For every entry below, give an exact repeat and leave out the pictures.

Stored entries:

**********

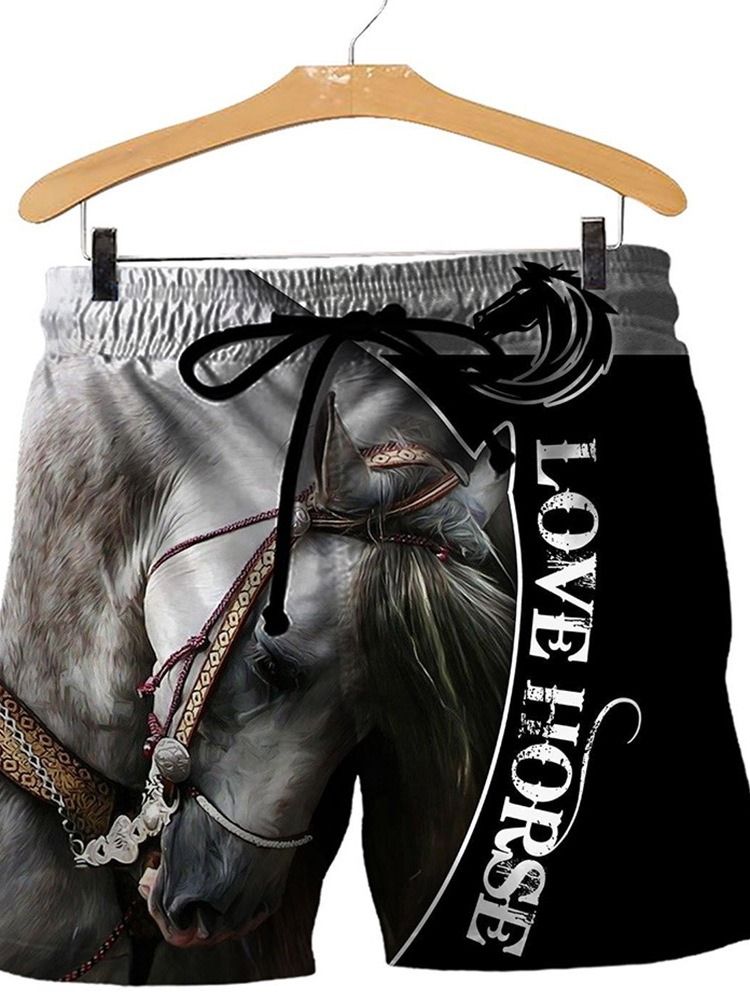 Lösa Patchwork Letter Herrshorts Med Snörning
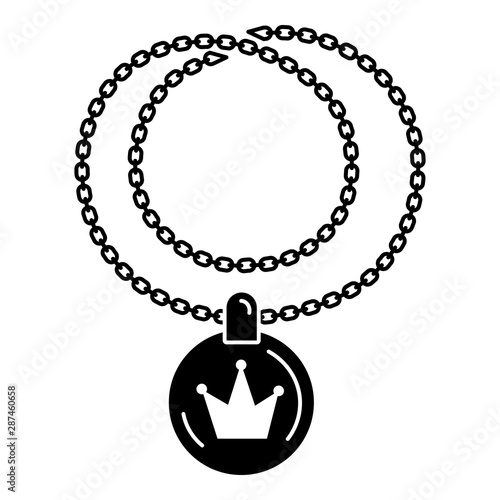 Rapper necklace icon. Simple illustration of rapper necklace vector icon for web design isolated on white background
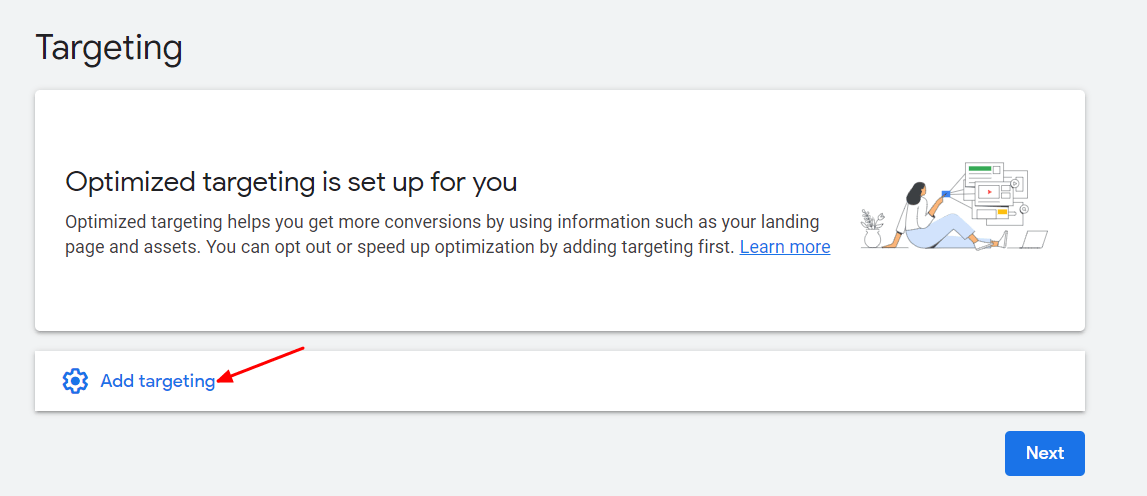 Click “Add targeting”, then “next”.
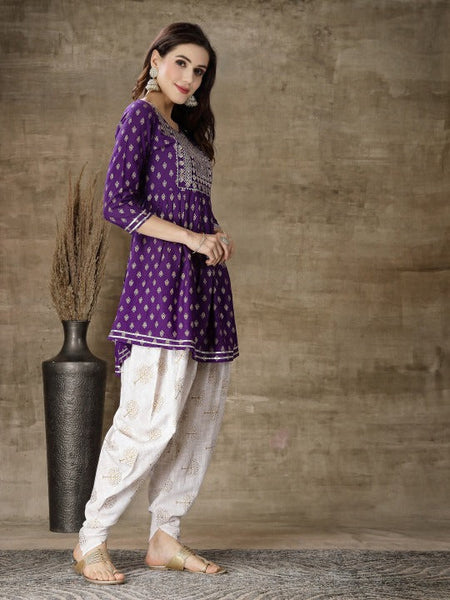 Ethnic Motifs Printed Gotta Patti A Line Fusion Kurti With Dhoti Pants Set VitansEthnics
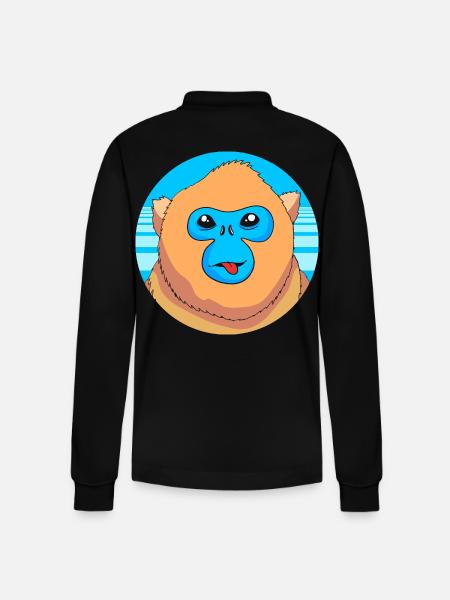 Snub-nosed monkey Monkey Chimpanzee - Stanley/Stella Organic Unisex Long-Sleeved Polo Shirt Prepster - black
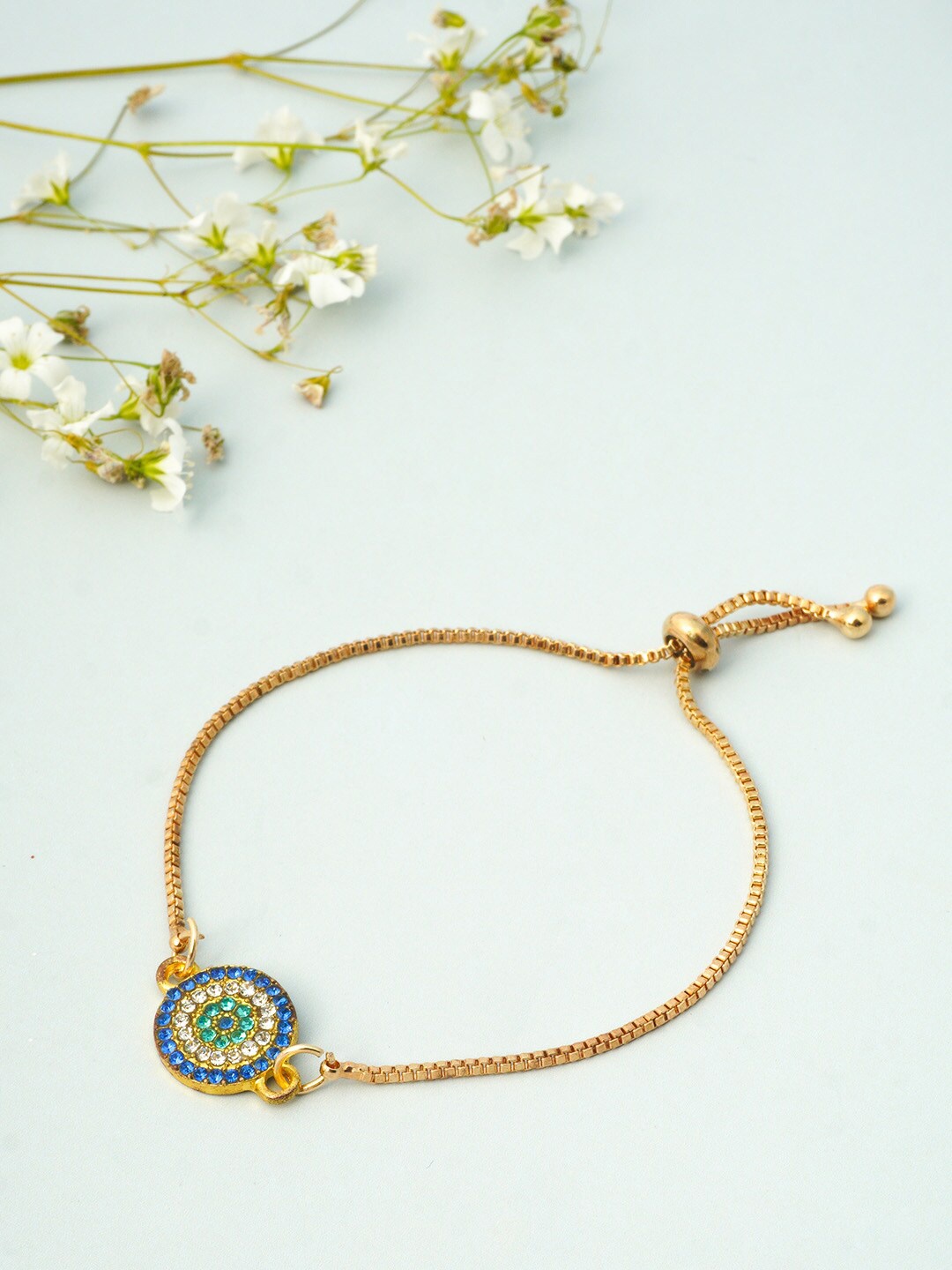 

Ferosh Women Gold-Toned & Blue Charm Bracelet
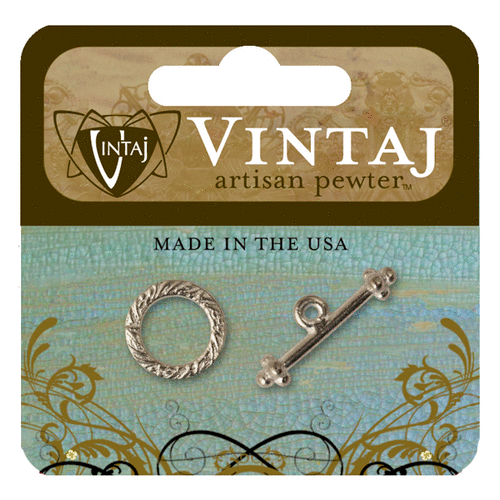 Vintaj Metal Brass Company - Artisan Pewter - Metal Jewelry Hardware - Roped Toggle Clasp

**********

RESPONSE AREA:
 Lösa Patchwork Letter Herrshorts Med Snörning
 Rapper necklace icon. Simple illustration of rapper necklace vector icon for web design isolated on white background
 Click “Add targeting”, then “next”.
 Ethnic Motifs Printed Gotta Patti A Line Fusion Kurti With Dhoti Pants Set VitansEthnics
 Snub-nosed monkey Monkey Chimpanzee - Stanley/Stella Organic Unisex Long-Sleeved Polo Shirt Prepster - black

Ferosh Women Gold-Toned & Blue Charm Bracelet
 Vintaj Metal Brass Company - Artisan Pewter - Metal Jewelry Hardware - Roped Toggle Clasp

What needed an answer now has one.